Based on this facility's data, families visiting should ask: "Can I visit during a mealtime to observe dining assistance and food quality?" "How do you handle medical emergencies, and what is your hospital transfer rate?" "Can I speak with family members of current residents about their experience?"

Is Green Home, Inc, The Safe?

Based on CMS inspection data, Green Home, Inc, The has a clean safety record: no substantiated abuse findings (meaning no confirmed cases of resident harm), no Immediate Jeopardy citations (the most serious violation level indicating risk of serious injury or death), and is not on the Special Focus Facility watch list (a federal program monitoring the lowest-performing 1% of nursing homes). The facility has a 3-star overall rating and ranks #1 of 100 nursing homes in Pennsylvania. While no facility is perfect, families should still ask about staff-to-resident ratios and recent inspection results during their visit.

Do Nurses at Green Home, Inc, The Stick Around?

Green Home, Inc, The has a staff turnover rate of 55%, which is 9 percentage points above the Pennsylvania average of 46%. Moderate turnover is common in nursing homes, but families should still ask about staff tenure and how the facility maintains care continuity when employees leave.

Was Green Home, Inc, The Ever Fined?

Green Home, Inc, The has no federal fines on record. CMS issues fines when nursing homes fail to meet care standards or don't correct problems found during inspections. The absence of fines suggests the facility has either maintained compliance or corrected any issues before penalties were assessed. This is a positive indicator, though families should still review recent inspection reports for the full picture.
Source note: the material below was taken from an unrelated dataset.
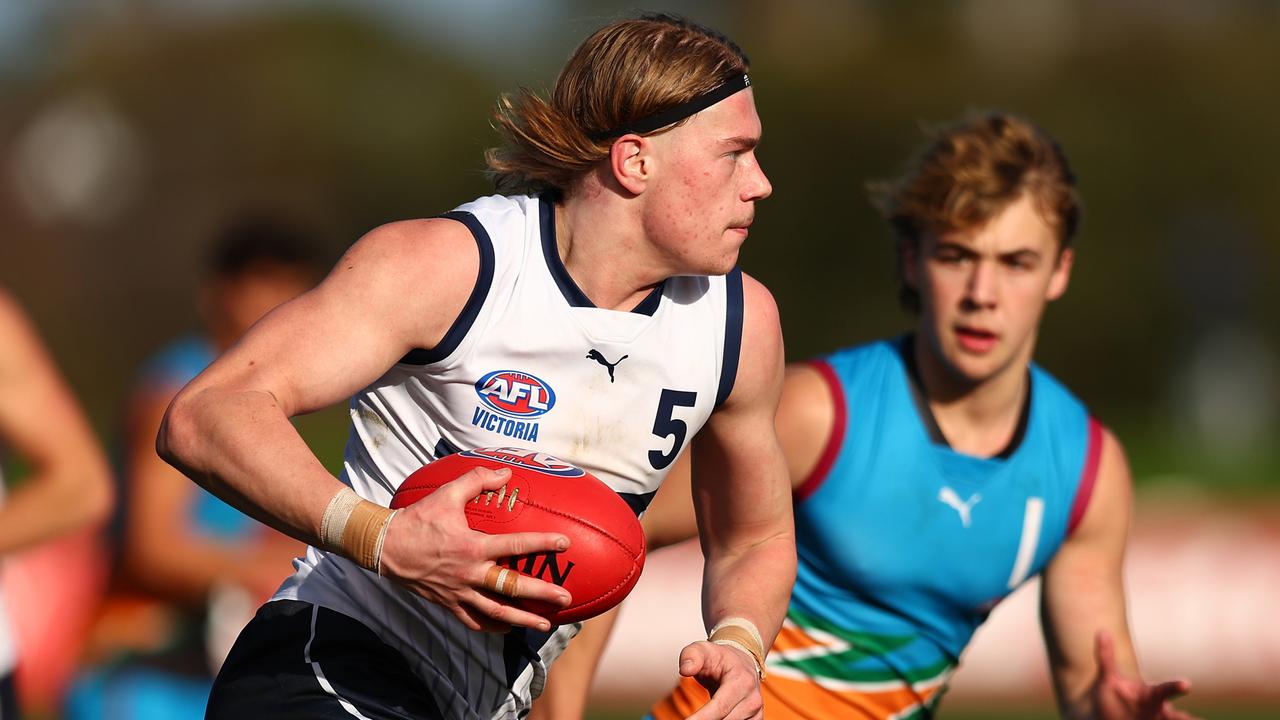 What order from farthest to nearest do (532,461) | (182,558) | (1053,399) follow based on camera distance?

Is Green Home, Inc, The on Any Federal Watch List?

Green Home, Inc, The is not on any federal watch list. The most significant is the Special Focus Facility (SFF) program, which identifies the bottom 1% of nursing homes nationally based on persistent, serious quality problems. Not being on this list means the facility has avoided the pattern of deficiencies that triggers enhanced federal oversight. This is a positive indicator, though families should still review the facility's inspection history directly.